Low-carbon and low-alloy steels have been widely used as structural materials due to their excellent engineering properties. However, when these two kinds of construction steels exposed to atmospheric corrosion environment, they are prone to be attacked and corrosion will result in potential safety problems and economic losses [1,2]. Many methods including multi-alloying, coatings and inhibitors have been investigated to decelerate the steel corrosion [3,4,5,6]. Among them, multi-alloying is an effective method to decrease destructive corrosion. Valid chemical elements such as Cu, P, Cr and Ni are proved effective in preventing atmospheric corrosion with a rising cost [3,7,8]. Considering the economic and environmental reasons, attention has been paid to the development of cheaper alloying technologies applied to materials.
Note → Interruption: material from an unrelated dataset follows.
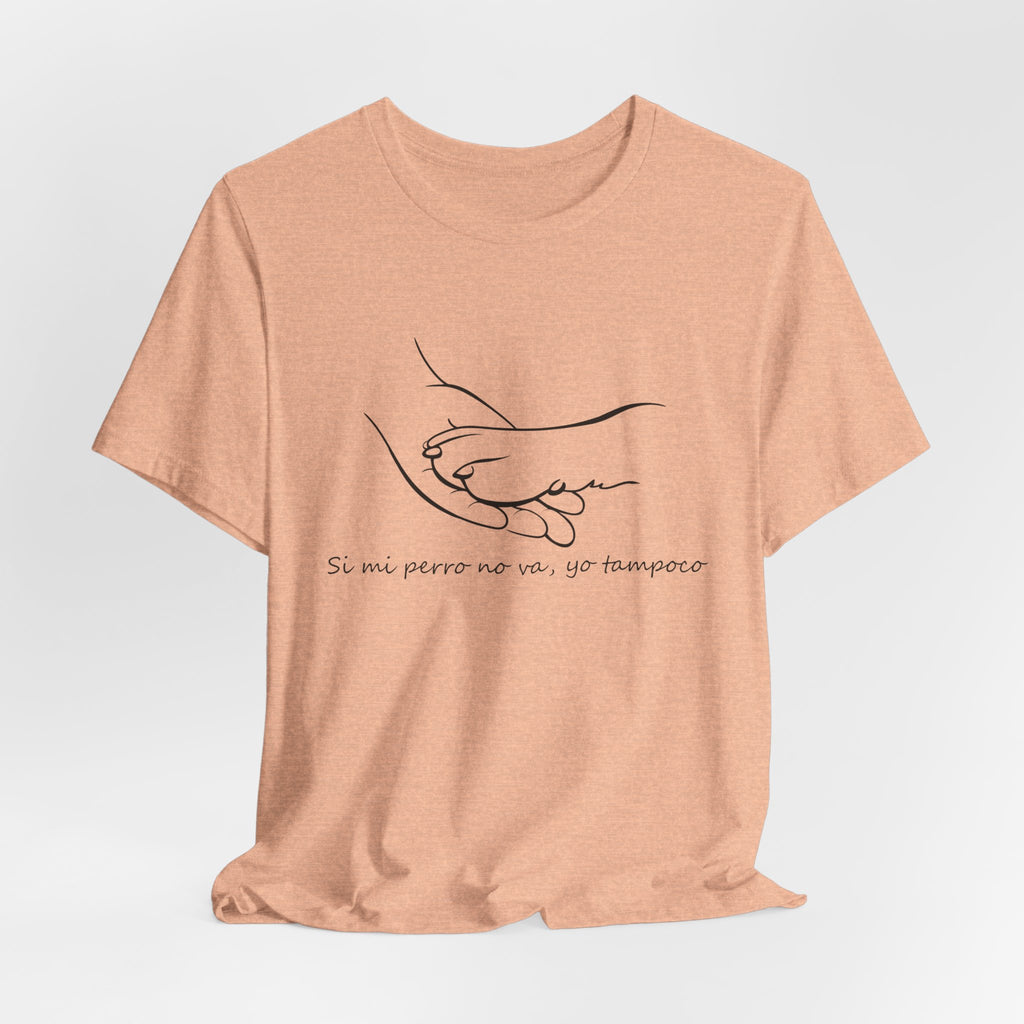Camiseta Mujer - Si mi perro no va, yo tampoco.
In recent years, many studies have shown that rare earth (RE) elements can not only purify molten steels but also modify inclusions due to their strong affinity for oxygen and sulfur [9,10]. Inclusions are considered to have negative effects on the corrosion properties of steels [11]. The atmospheric corrosion originates from pitting corrosion and spreads to the entire surface to form uniform corrosion. It is well-known that manganese sulfide (MnS) often provides initiation sites for pitting corrosion and aluminium oxide (Al2O3) has also been considered to cause destructive effects on corrosion resistance of steels [12,13,14]. The addition of RE has been reported to capture sulfur to form RE inclusions and inhibits the formation of MnS [11,15,16]. In addition, RE element is active and probably enriched at the interfaces such as grain boundaries or surfaces due to the big difference of atomic radius between RE and iron [17,18,19]. The microstructure and corrosion properties are changed because of the concentration of RE elements at grain boundaries, which affects the diffusion of other elements and restrain the nucleation and growth of new phases [20,21]. RE also segregates towards interfaces, which is considered as the micro-alloying effect, though it differs from what is commonly thought as solid solution effect.
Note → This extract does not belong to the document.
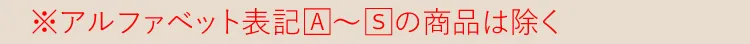 ※アルファベット表記【A】～【S】の商品は除く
Although many investigators have shown effects of RE elements on microstructure and inclusions in steels, few studies have focused on the influence of RE alloying such as segregation of RE atoms in steels under wet-dry cycle immersion conditions. Two common construction steels including Q235B and Q355B steels were chosen to be the experimental steels. This paper elucidates how RE increased the corrosion performance under wet-dry cycle immersion tests. Scanning electron microscopy-energy dispersive spectroscopy (SEM-EDS), electron probe microanalysis (EPMA) and auger electron spectroscopy (AES) were conducted to investigate the mechanism of improving corrosion resistance by the method of RE alloying.

2. Experimental

Two kinds of steels were selected as experimental samples marked as Q235B and Q355B. A certain amount of RE elements (Ce and La) were added into these two modified steels and were marked as Q235BM and Q355BM. The alloys were melted into ingots and then hot rolled into steel plates (300 mm × 1000 mm). The average chemical composition of final experimental steels is listed in Table 1.
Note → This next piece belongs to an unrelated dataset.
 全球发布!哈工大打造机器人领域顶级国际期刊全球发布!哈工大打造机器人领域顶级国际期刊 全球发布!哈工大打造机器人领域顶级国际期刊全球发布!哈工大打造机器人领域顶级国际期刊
Three parallel samples (45 mm × 55 mm × 3 mm) were prepared for calculating the rate of corrosion weight loss under wet-dry cycle immersion tests. Immersion tests were undertaken at 45 °C in a solution of 0.01 mol/L NaHSO3. One immersion cycle included 15 min of infiltration and 45 min of exposure. The test durations were determined as 24 h, 48 h, 96 h and 144 h. Before immersion tests were conducted, the specimens were cleaned ultrasonically and weighed in a dry environment. Part of rust was scraped off for X-ray diffractometer (XRD) analysis. After corrosion products were removed, the specimens were weighed to determine the mass loss. The rest rust on the surface were chemically moved in a specific solution (500 mL HCl + 500 mL distilled water + 3.5 g hexamethylenetetramine). After corrosion products were removed, the specimens were weighed to determine the mass loss.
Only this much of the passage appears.